Detectives moved in yesterday afternoon and arrested a man in his early 40s at his home in Passage West after they received a tip-off that half burned Northern Ireland bank notes were seen near the man's home in the Cork Harbour town.
Gardaí believe the man panicked on Thursday night after hearing that detectives were closing in on those connected with the republican money-laundering operation and that he tried to burn a large amount of Northern Ireland sterling notes in the fireplace of his home.
Officers believe the man simply deposited the money in the fireplace and set it alight but some of the notes were blown up the chimney before they were fully burned and gardaí were alerted yesterday morning that half burned notes were to found near his home.
Detectives raided the man's house yesterday afternoon and found some half-burned Northern Ireland bank notes outside the house while they also found one intact Northern Ireland bank note inside the house.

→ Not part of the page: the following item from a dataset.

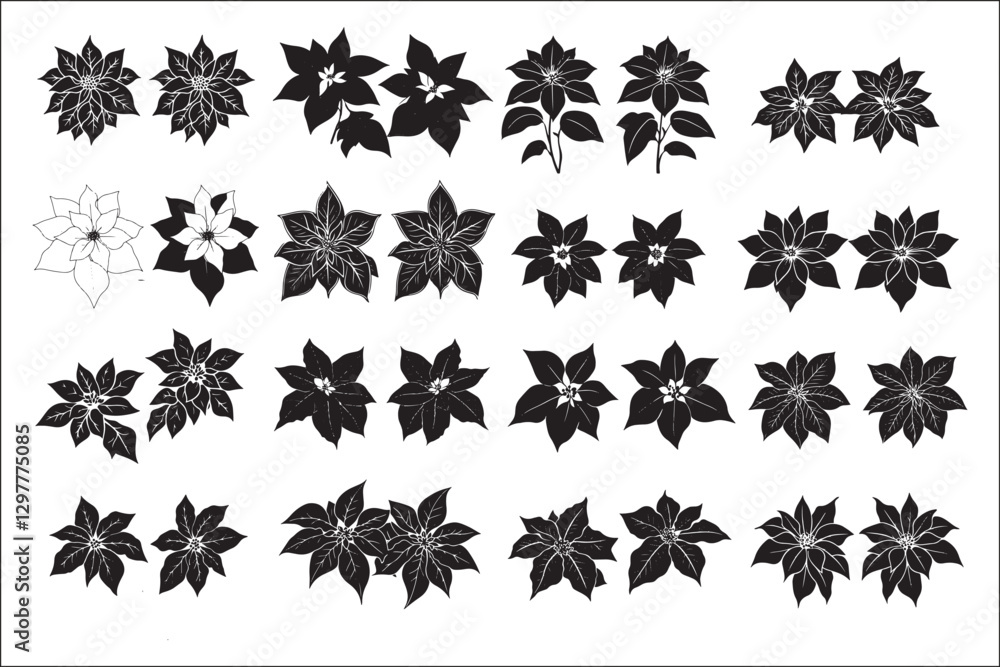 Fototapeta premium Poinsettia in Black and White: A Holiday Botanical Illustration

The notes - which had serial numbers - were put in sealed evidence bags and were removed by gardaí for analysis and examination by Garda technical experts to see if any of them match the money stolen in the Northern Bank raid in Belfast on December 20th.
Gardaí were last night unable to say how much money had been burned by the man in the house but they believe it may have been quite substantial.
Detectives also recovered a box of between 150 to 200 heavy calibre bullets believed to be ammunition for an AK47 as well as two cellophane bags of what is believed to be cocaine worth €10,000 to €15,000 which were all seized for analysis and forensic examination.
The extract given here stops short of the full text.